Overview¶

qoala-mlir lowers a quantum-network program through three intermediate representations and then translates the result to the executable .iqoala format consumed by the Qoala runtime.

Big picture: full pipeline

The pipeline¶

A program reaches qoala-mlir as a qnet (Qoala HIR) module emitted by the euqalyptus frontend. At the HIR level the program is expressed in SSA value-to-value form, which makes reasoning about gate cancellation, rotation merging, and quantum dead-code elimination convenient; passes such as qnet-peephole-optimizations and qnet-dead-code-elimination rewrite the program at this level before any lowering happens. The HIR-to-MIR conversion, run via lower-qoala-hir-to-mir, then replaces every !qnet.qubit SSA value with an explicit i32 qubit pointer in the qmem dialect, turning quantum operations into side-effecting calls on those pointers.

Once the program is in MIR, a small family of helper passes prepares it for the structural changes that turn it into a Qoala-block-shaped LIR. lower-float-rotations rewrites floating-point angles to the integer-pair form NetQASM accepts; unfold-comm-ops decomposes multi-value classical communication ops into single-value variants; functionize extracts contiguous groups of quantum operations into stand-alone NetQASM routines; and fold-constants cleans up the constants left behind. The MIR-to-LIR conversion, run via lower-qoala-mir-to-lir, then splits the single mixed function into a classical host body expressed in the qoalahost dialect, one or more quantum routines in the netqasm dialect, and module-scope remote-node declarations in qremote.

LIR is the level at which the runtime-facing structure of the program becomes visible and at which scheduling-oriented passes operate. qoalahost-add-block-precedences materializes the inter-block ordering edges the runtime relies on, qoalahost-reorder-blocks solves a MILP to shorten qubit lifetimes (and, optionally, to compute per-block deadlines), and once the module is finalized, qoala-translate --mlir-to-iqoala emits the textual .iqoala executable.

Backend pipeline detail

The three IRs at a glance¶

IR	Dialect(s)	What it expresses
HIR	`qnet`	Value-based quantum semantics. Qubits are SSA values of type `!qnet.qubit`. Passes here are concerned with algebraic equivalences over gates.
MIR	`qmem`	Explicit quantum-memory model. Qubits are `i32` pointers; ops are side-effecting. Convenient for layout, lifetime, and angle-discretization concerns.
LIR	`qoalahost` + `netqasm` + `qremote`	Runtime-shaped form: a classical host body (`qoalahost.main_func`) calls quantum routines (`netqasm.local_routine`, `netqasm.request_routine`); remote nodes are referenced by symbol (`qremote.remote`).

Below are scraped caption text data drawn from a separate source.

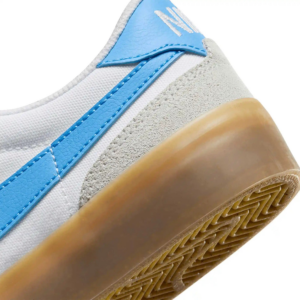 Giay Nike SB Pogo Plus 'University Blue' DR9114-100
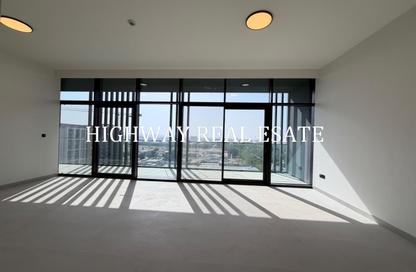 Apartment - 3 - 3 for rent in Vida 2 - Vida Residences - Aljada - Sharjah Apartment - 3 - 3 for rent in Vida 2 - Vida Residences - Aljada - Sharjah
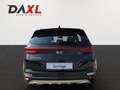 Kia Sportage 1,6 CRDI SCR MHD AWD GT-Line DCT Aut. Schwarz - thumbnail 4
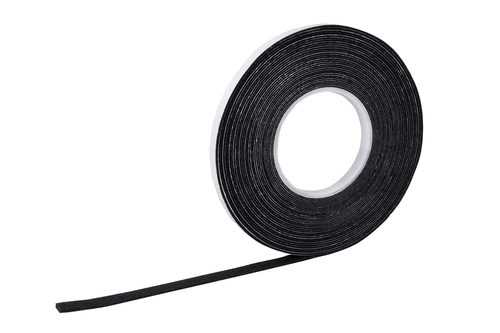 Compressiebandrol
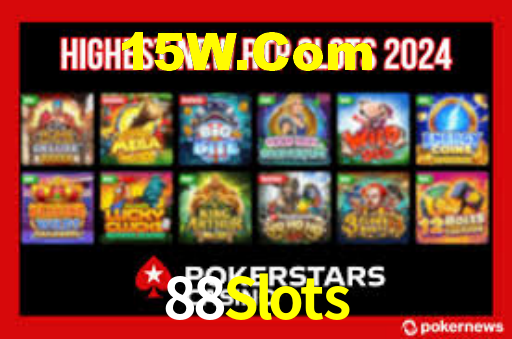 88Slots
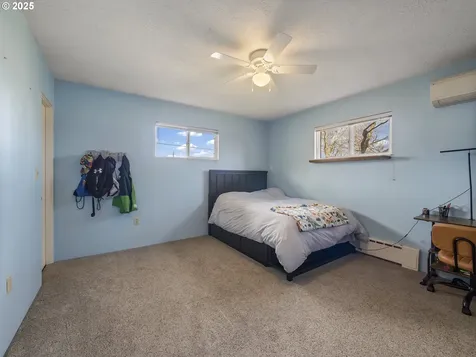 408 M Avenue La Grande OR 97850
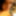 Preview  #4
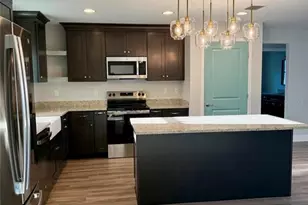 261 S Main St, Bunnell, FL 32110 - Photo 5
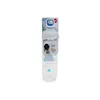 emsa Trinkflasche Tritan 0,7 l, Motiv Geometrie Produktbild-Vorschau 12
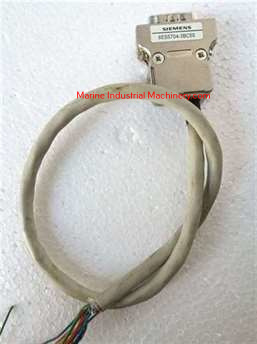 Siemens 6ES5704-3BC50 Cable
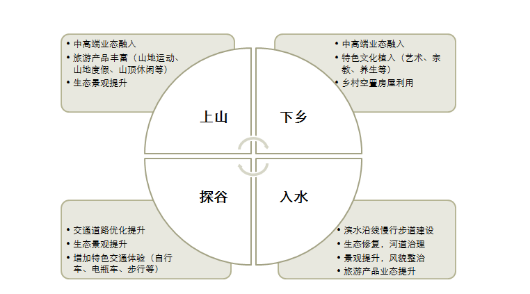 管家婆论坛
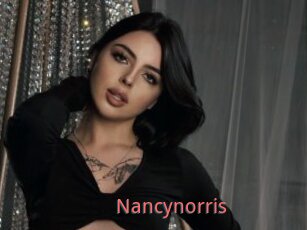 Nancynorris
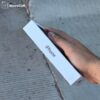 Apple iPhone 18 Pro.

For the deeper version see The three IRs and the per-dialect entries in the Operations reference.

Tooling at a glance¶

The build produces two command-line tools and a Python bindings package. qoala-opt is the workhorse: it registers all standard MLIR passes together with the dialect-specific passes documented in the Passes reference, and exposes a small set of cost-model flags (--qoala-opt-single-gate-duration, --qoala-opt-link-duration, and so on) used by the analyses and by the MILP-based block reorderer. qoala-translate is much narrower in scope — it registers a single translation, --mlir-to-iqoala, that prints the .iqoala form of an LIR module. Alongside the two binaries, the build produces the Python bindings (qnet) under qnet.dialects.qnet; this is what euqalyptus imports to construct HIR programmatically.

Cross-references¶

The frontend that produces the input HIR is documented at euqalyptus. When you need to settle an invariant- or behavior question, prefer the Operations reference and the TableGen .td files under include/Dialect/ over the design paper — the paper describes design intent and may have drifted relative to the implementation.